D'ailleurs, malgré cette générosité le déficit de la sécurité sociale correspond, en réalité, à un découvert modeste de 40 euros pour un salarié qui toucherait 1 500 euros. Autant vous dire qu’avec des mesures de bonne gestion, faisant porter l’effort sur les revenus financiers des entreprises et en agissant positivement sur l’emploi et les salaires, il serait possible de s’attaquer vraiment aux grands défis de la maladie, de la santé au travail ou du vieillissement et d’épargner ainsi aux Français tous ces sacrifices.
Or c’est tout l’inverse que vous nous proposez ! C'est pourquoi nous voterons contre cette motion. (Applaudissements sur les travées du groupe CRC.)

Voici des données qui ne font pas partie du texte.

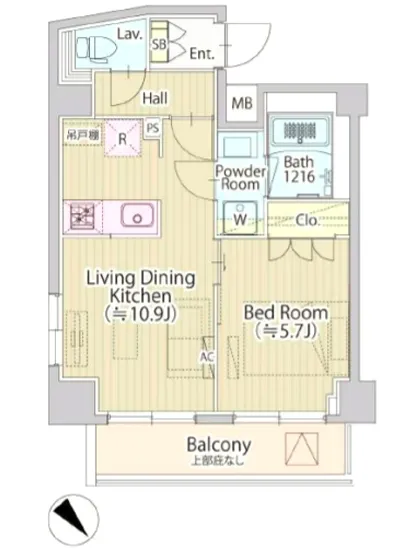 セリジェ池尻大橋 505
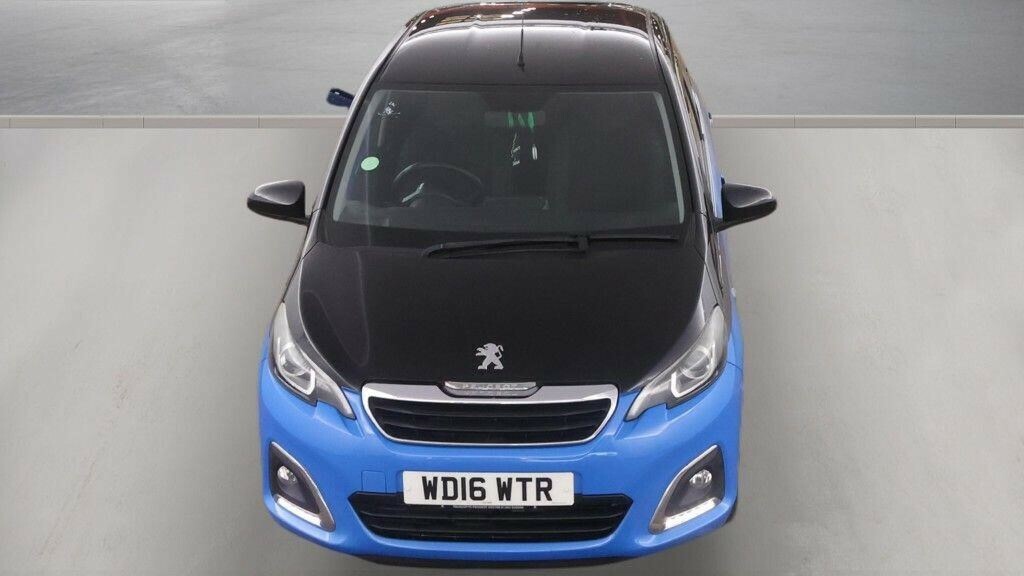 Peugeot 108 1.2 Puretech Allure Euro 6 Blue #5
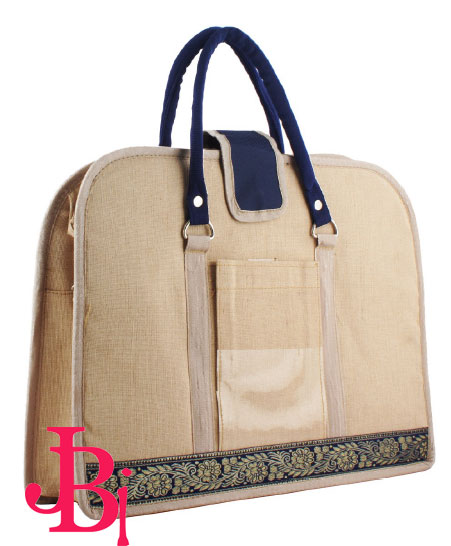 Jute hot sale conference bag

Mme la présidente. Je mets aux voix la motion n° 1, tendant à opposer la question préalable.
Je rappelle que l'adoption de cette motion entraînerait le rejet du projet de loi de financement de la sécurité sociale.

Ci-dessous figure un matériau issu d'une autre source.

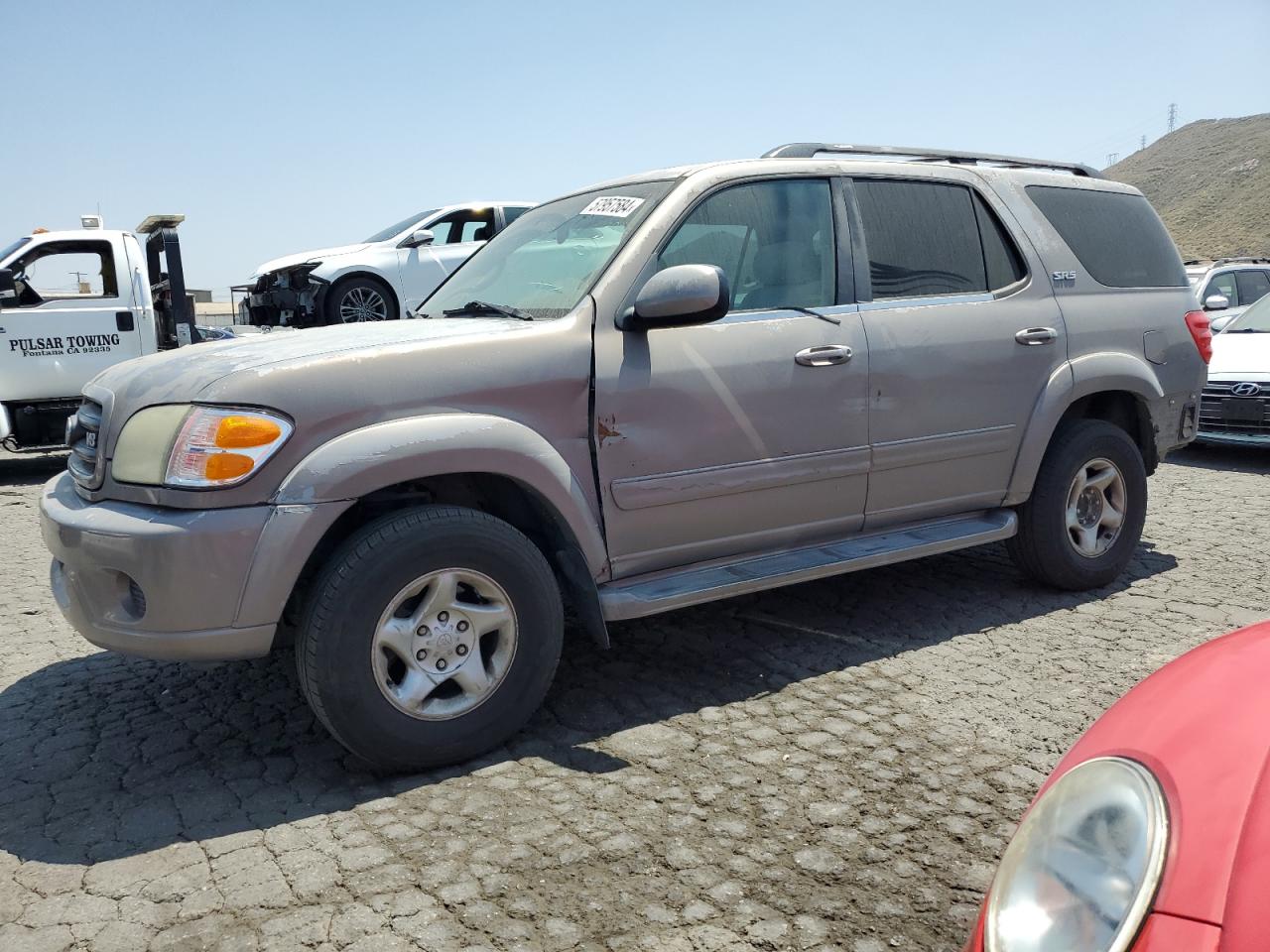 TOYOTA SEQUOIA SR 2001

En application de l’article 59 du règlement, le scrutin public ordinaire est de droit.
Je rappelle que l'avis du Gouvernement est défavorable.
Il va être procédé au scrutin dans les conditions fixées par l'article 56 du règlement.
Le scrutin est ouvert.
(Le scrutin a lieu.)
Mme la présidente. Personne ne demande plus à voter ?…
Le scrutin est clos.
J'invite Mmes et MM. les secrétaires à procéder au dépouillement du scrutin.
(Il est procédé au dépouillement du scrutin.)
Mme la présidente. Voici, compte tenu de l’ensemble des délégations de vote accordées par les sénateurs aux groupes politiques et notifiées à la présidence, le résultat du scrutin n° 74 :
Nombre de votants | 343 |
Nombre de suffrages exprimés | 343 |
Pour l’adoption | 188 |
Contre | 155 |
Le Sénat a adopté.
M. Jean Desessard. Les voix de gauche traditionnelles !
Mme la présidente. En conséquence, le Sénat n’a pas adopté le projet de loi de financement de la sécurité sociale pour 2016 en nouvelle lecture.
Mes chers collègues, l'ordre du jour de ce matin étant épuisé, nous allons maintenant interrompre nos travaux ; nous les reprendrons à quinze heures.
La séance est suspendue.
(La séance, suspendue à douze heures quinze, est reprise à quinze heures, sous la présidence de M. Gérard Larcher.)
PRÉSIDENCE DE M. Gérard Larcher
M. le président. La séance est reprise.
3
Questions d'actualité au Gouvernement
M. le président. L’ordre du jour appelle les réponses à des questions d’actualité au Gouvernement.
Je vous rappelle que la séance est retransmise en direct sur France 3, Public Sénat et le site internet du Sénat.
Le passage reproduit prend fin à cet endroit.